Membrane switches are on the rise. Like all switches, they are circuit-controlling devices that feature a conductive path. Electricity can flow through a switch when it’s closed. If a switch is open, electricity won’t be able to travel through it. Membrane switches feature a similar conductive path that can be opened or closed, but they use a different design than their traditional counterparts.
According to ATSM International, a membrane switch is a circuit-controlling device in which “at least one contact is on or made of a flexible substrate.” Membrane switches are comprised of layers that are laminated together. Once laminated, the layers will form a fully functional switch. Activating the switch will open or close its conductive path. When shopping for a membrane switch, though, you may notice that some of them feature a protective topcoat.
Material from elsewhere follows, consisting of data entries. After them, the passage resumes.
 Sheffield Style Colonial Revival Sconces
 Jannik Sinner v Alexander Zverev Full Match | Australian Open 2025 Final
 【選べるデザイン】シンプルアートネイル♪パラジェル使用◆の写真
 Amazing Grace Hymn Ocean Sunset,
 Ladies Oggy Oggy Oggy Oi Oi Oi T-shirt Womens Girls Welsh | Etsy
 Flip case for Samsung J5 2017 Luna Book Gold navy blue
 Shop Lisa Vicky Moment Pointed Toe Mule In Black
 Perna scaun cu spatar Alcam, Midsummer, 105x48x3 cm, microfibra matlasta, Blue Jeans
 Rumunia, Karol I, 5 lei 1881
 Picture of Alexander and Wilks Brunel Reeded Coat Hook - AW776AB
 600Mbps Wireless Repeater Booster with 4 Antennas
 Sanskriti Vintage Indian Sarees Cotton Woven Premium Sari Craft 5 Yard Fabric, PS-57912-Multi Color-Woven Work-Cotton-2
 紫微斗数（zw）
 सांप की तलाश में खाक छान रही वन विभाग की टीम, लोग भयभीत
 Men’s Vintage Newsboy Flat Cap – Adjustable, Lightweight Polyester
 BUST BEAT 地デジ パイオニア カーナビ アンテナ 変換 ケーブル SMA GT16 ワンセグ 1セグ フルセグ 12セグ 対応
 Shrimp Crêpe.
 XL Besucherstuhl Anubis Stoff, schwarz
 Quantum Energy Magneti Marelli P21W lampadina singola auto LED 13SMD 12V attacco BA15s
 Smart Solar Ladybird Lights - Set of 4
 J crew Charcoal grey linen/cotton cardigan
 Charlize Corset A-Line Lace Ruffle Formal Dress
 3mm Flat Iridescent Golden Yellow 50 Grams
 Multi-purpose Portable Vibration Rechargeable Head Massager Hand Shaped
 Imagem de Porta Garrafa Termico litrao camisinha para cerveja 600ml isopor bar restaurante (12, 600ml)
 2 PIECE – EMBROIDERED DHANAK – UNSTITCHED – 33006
What Is a Protective Topcoat?
A protective topcoat is an outer layer that’s applied to the surface of a membrane switch. As the name suggests, it’s used to protect the membrane switch from damage.
Exploring the Construction of a Membrane Switch
While available in different types, all membrane switches have an overlay. It’s the outermost layer of a membrane switch that you press or touch to interact with the switch.
Some membrane switches feature a polyester overlay. Other membrane switches feature a polycarbonate overlay. There are even membrane switches with a blended overlay consisting of two or more materials.
Why Choose a Membrane Switch With a Protective Topcoat
Whether a membrane switch has a polyester, polycarbonate or blended overlay, it may feature a protective topcoat as well. Protective topcoats are transparent layers that are applied over the top surface of a device or object. In the case of membrane switches, the protective topcoat may sit on top of the overlay. Why should you choose a membrane switch with a protective topcoat exactly?
Membrane switches with a protective topcoat are less likely to succumb to scratches than those without a protective topcoat. Scratches can occur from normal use with switches. Over time, the overlay may become scratched. Scratches, though, are less likely to occur if you choose a membrane switch with a protective topcoat.
A protective topcoat will also protect the membrane switch from sun exposure. Prolonged exposure to sunlight can damage overlays. The colors of the overlay may begin to fade, and you may no longer be able to identify the button legends or graphics. A protective topcoat will serve as a barrier that blocks ultraviolet (UV) light from reaching the membrane switch’s overlay.